I remember asking my mother what plant the nutmeg came from, and she told me that it must be from a plant that grows far away, she was very sure that it did not grow in the mountains. I asked Aunt Bett and my Granny Ninna the same question, and received the same answer every time. I decided then and there that someday I would get myself a nutmeg plant. Little did I know that many years before I came along in countries far away from the mountains of southeast Kentucky, others much older and wiser than I also became quite addicted to nutmeg.
The nutmeg (Myristica) are a genus of evergreen trees indigenous to tropical southeast Asia and Australia. The tree grows to about 40 feet, producing aromatic leaves and clusters of small yellow flowers that eventually produce the fruits. They are important for two spices derived from the fruit, nutmeg and mace. Nutmeg is the seed of the tree. It is egg shaped, and about an inch long and a little less wide. It weighs about a half ounce dried. Mace is the dried lacy reddish covering of the seed. This is the only tropical fruit that is the source of two different spices. The most important species commercially is the Myristica fragrans, native to the Banda Islands of Indonesia. It is also grown in the Caribbean, particularly in Grenada. It is a slow growing plant. The first harvest of nutmeg trees takes place 7-9 years after planting and the trees reach their full potential after 20 years.
Historically, there is some evidence that Roman priests may have burned nutmeg as incense. It is known to have been used as a prized and costly spice in medieval cuisine. In some monasteries monks were allowed to sprinkle nutmeg on their pease pudding. During Elizabethan times it was believed that nutmeg could ward off the plague, and it was traded by Arabs during the Middle Ages. Following the 17th century, nutmeg was much in demand, so much so that takeovers from larger countries threatened the small islands where it was originally grown. Currently Indonesia and Grenada dominate production and exports of both nutmeg and mace.

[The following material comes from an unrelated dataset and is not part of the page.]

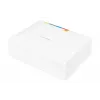 DIGITUS Caja FTTH, con superficie de adaptador 4x SC (APC) SX y montaje en carril DIN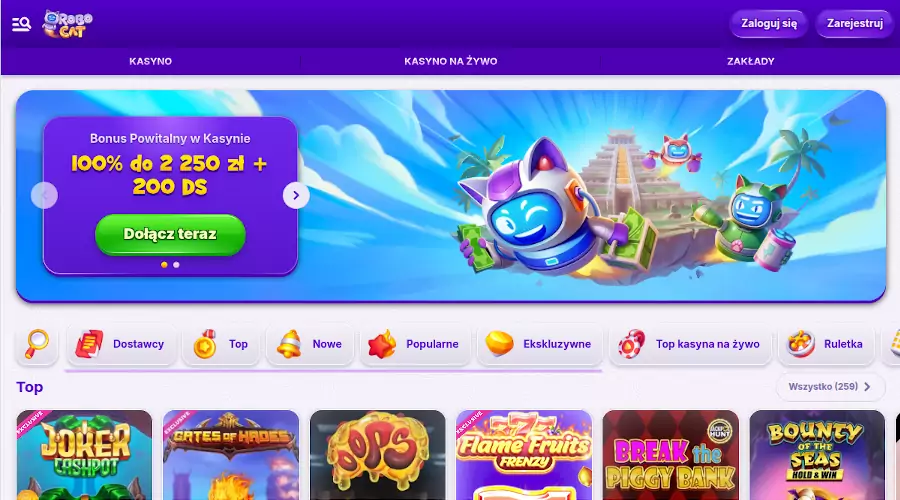Robocat casino opinie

As is true of so many popular foods, there is a downside. Nutmeg was first brought to Europe from the Banda Islands by Portuguese sailors in 1512, and soon was regarded as a cureall and tonic. Its hallucinogenic properties were also soon discovered. The key components of nutmeg are volatile oil (including borneol, eugenol, myristine, and butyrin). Myristicin is the constiuent most responsible for its toxicity and hallucinogenic action, and safrole in isolation and in high doses is carcinogenic. On the other hand, clinical trials have successfully treated Crohn's disease with nutmeg.
A most historically interesting spice, nutmeg has long been alleged to have aphrodisiacal powers, giving rise to a lot of love potions. At the height of its value in Europe, nutmeg was carried around by ladies and gents as a demonstration of wealth. Diners would flourish tiny graters and grate their own in fancy restaurants. As a result, personal nutmeg graters became quite fashionable, resulting in intricate designs and shapes made of precious metals.

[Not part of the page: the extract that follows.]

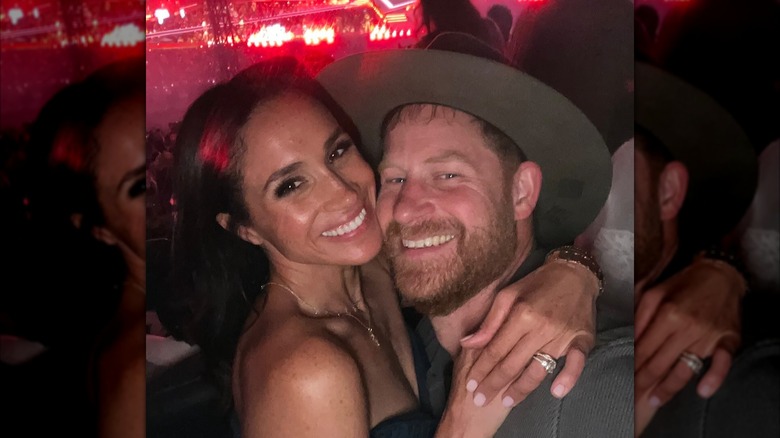 Meghan Markle and Prince Harry at Beyoncé's Cowboy Carter tour L.A. show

Nutmeg is not used medicinally very much in the west now, because of its potential toxicity. It is mainly used in culinary dishes here and that is fine with me. The Chinese use it to warm the stomach and to regulate energy. In India, nutmeg is ground into a paste and applied directly to areas of eczema and ringworm.
Large doses of nutmeg, as much as 12 twelve spoons a day is indeed fatal, and this proved to be a problem in some countries before the use of it became regulated. There is no indication that a mere sprinkling of it in foods is harmful. As a seasoning, it is a flavorful addition to many foods, and is best grated fresh. In Indian cuisine, nutmeg powder is used almost exclusively in sweet dishes. Ground nutmeg is also smoked in India. In Middle Eastern cuisine, nutmeg powder is often used as a spice for savory dishes. The same is true for Greece and Cyprus. In Europe, nutmeg is used especially in potato dishes and in processed meat products. It is also used in soups, sauces, and baked goods. In Dutch cuisine, it is added to vegetable dishes like Brussels sprouts, cauliflower and string beans. The Japanese variety of curry powder includes nutmeg as an ingredient. It is also used in mulled cider, mulled wine, and eggnog. In the Caribbean, it is usually sprinkled on top of any rum drink.
That is a lot of history about one little spice, one relatively small tree. Much ado about nothing, perhaps. But as we prepare for the holidays, I'll bet nutmeg is often used in many of our homes. I had no idea there was a downside to nutmeg. To me it is a delightfully tasty spice, and one I associate with those weekend mornings many years ago in the Appalachian mountains. It is good to know that ground nutmeg in our dishes is not likely to hurt us, but will only enhance what we already enjoy eating or drinking.
I guess there is always a downside to anything we overindulge in, even at Christmas.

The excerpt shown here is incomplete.